Sanctions for individuals and companies
MEPs want offences leading to death or harm to health and substantial environmental damage to be punishable by at least 10 years imprisonment, with others incurring four or six years depending on their extent, seriousness and duration. They also toughened fines for environmental crimes committed by companies, with MEPs proposing fines of at least 10% of the average worldwide turnover of a business in the three previous business years, instead of the Commission’s original proposal of 5%.
Companies should not only face criminal proceedings but also other measures such as bans from access to public funding or withdrawal of licences.
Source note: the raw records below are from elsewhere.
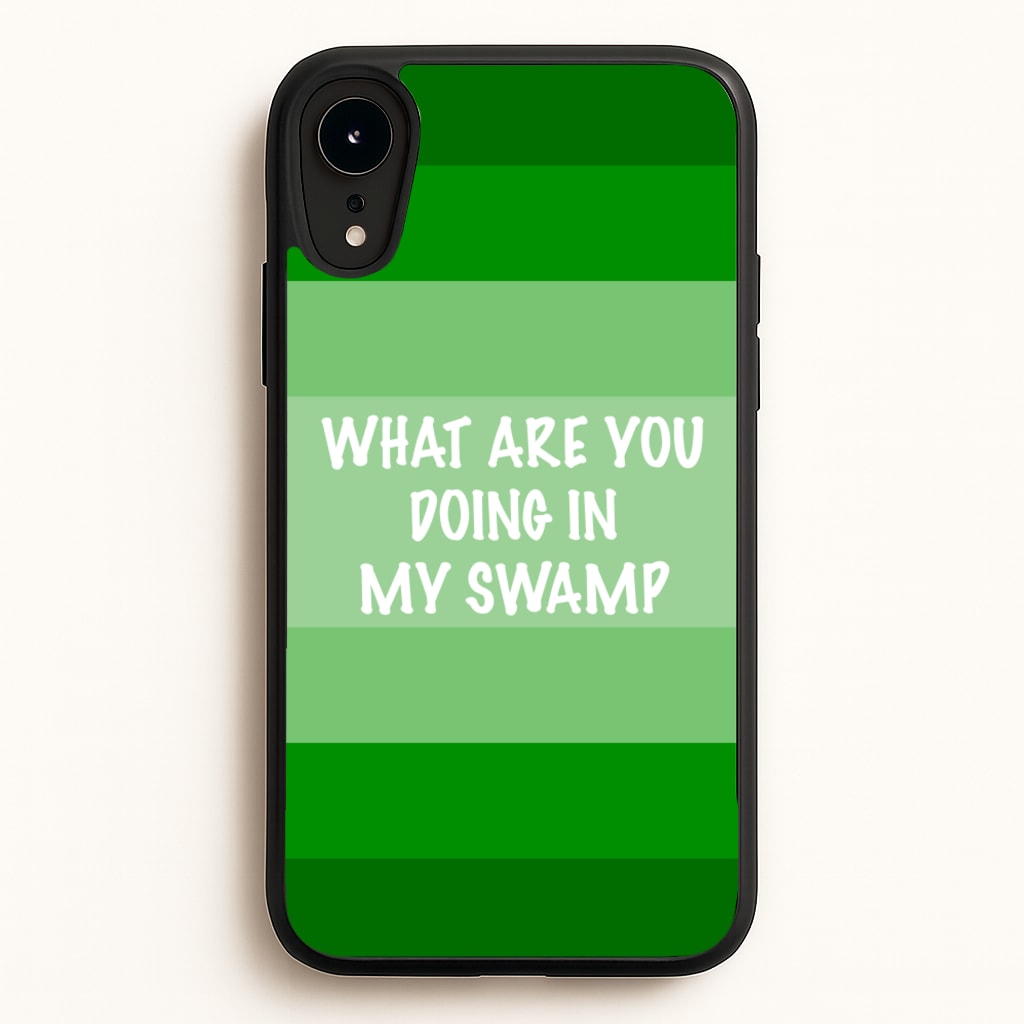 What Are You Doing In My Swamp - Green Ogre - Shrek Phone Case for iPhone XR
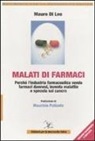 Mauro Di Leo - Malati di farmaci. Perché l'industria farmaceutica vende farmaci, inventa malattie e specula sul cancro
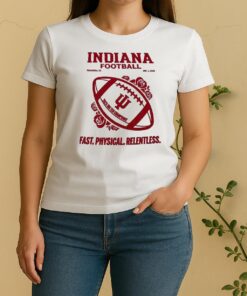 Indiana Football 2025 Big Ten Champions Jan 1 Pasadena Ca Fast Physical Relentless Women Shirt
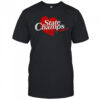 State Champs Kings Of What T-Shirt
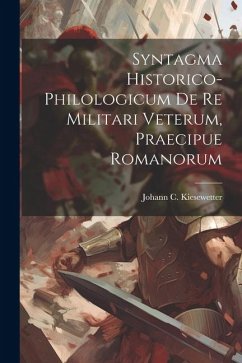 Syntagma Historico-philologicum De Re Militari Veterum, Praecipue Romanorum - Kiesewetter, Johann C.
In line with the “polluter pays principle”, offending businesses should work to restore the damaged environment, compensate victims and bear all the costs of court proceedings. MEPs also adjusted statute limitation periods for criminal offences to start at the point of their discovery rather than when it took place.
Improved cooperation and regular assessment
They urge EU countries to allow anonymous reporting of environmental offences and protection for those reporting them. Member states should strengthen cross-border cooperation, including with EU bodies such as Eurojust, OLAF, Europol and EPPO.
MEPs want the Commission to report on the implementation of the directive every two years and evaluate the need to update the list of environmental crimes.
Following the vote, rapporteur Antonius Manders (EPP, NL) said: “The damage caused by environmental crime has a deep impact on human health and the health of our planet. It is crucial that we fight these cross-border crimes at the EU level with dissuasive and effective sanctions: the polluter pays. Also key in this directive is investment in preventive measures and enforcement by providing specialised training to judges, prosecutors, police and judicial staff. There can be no more excuses when it comes to environmental crime.”
In December 2021, the Commission adopted its proposal to update the EU directive on the protection of the environment through criminal law, due to rising number of environmental criminal offences. It aims to provide a harmonized framework to fight against environmental crime, currently considered “the fourth largest criminal sector in the world as lucrative as drug trafficking.”
Once the mandate will be confirmed by Parliament as a whole, the report will become MEPs’ position for the negotiations with the member states on the final text of the legislation.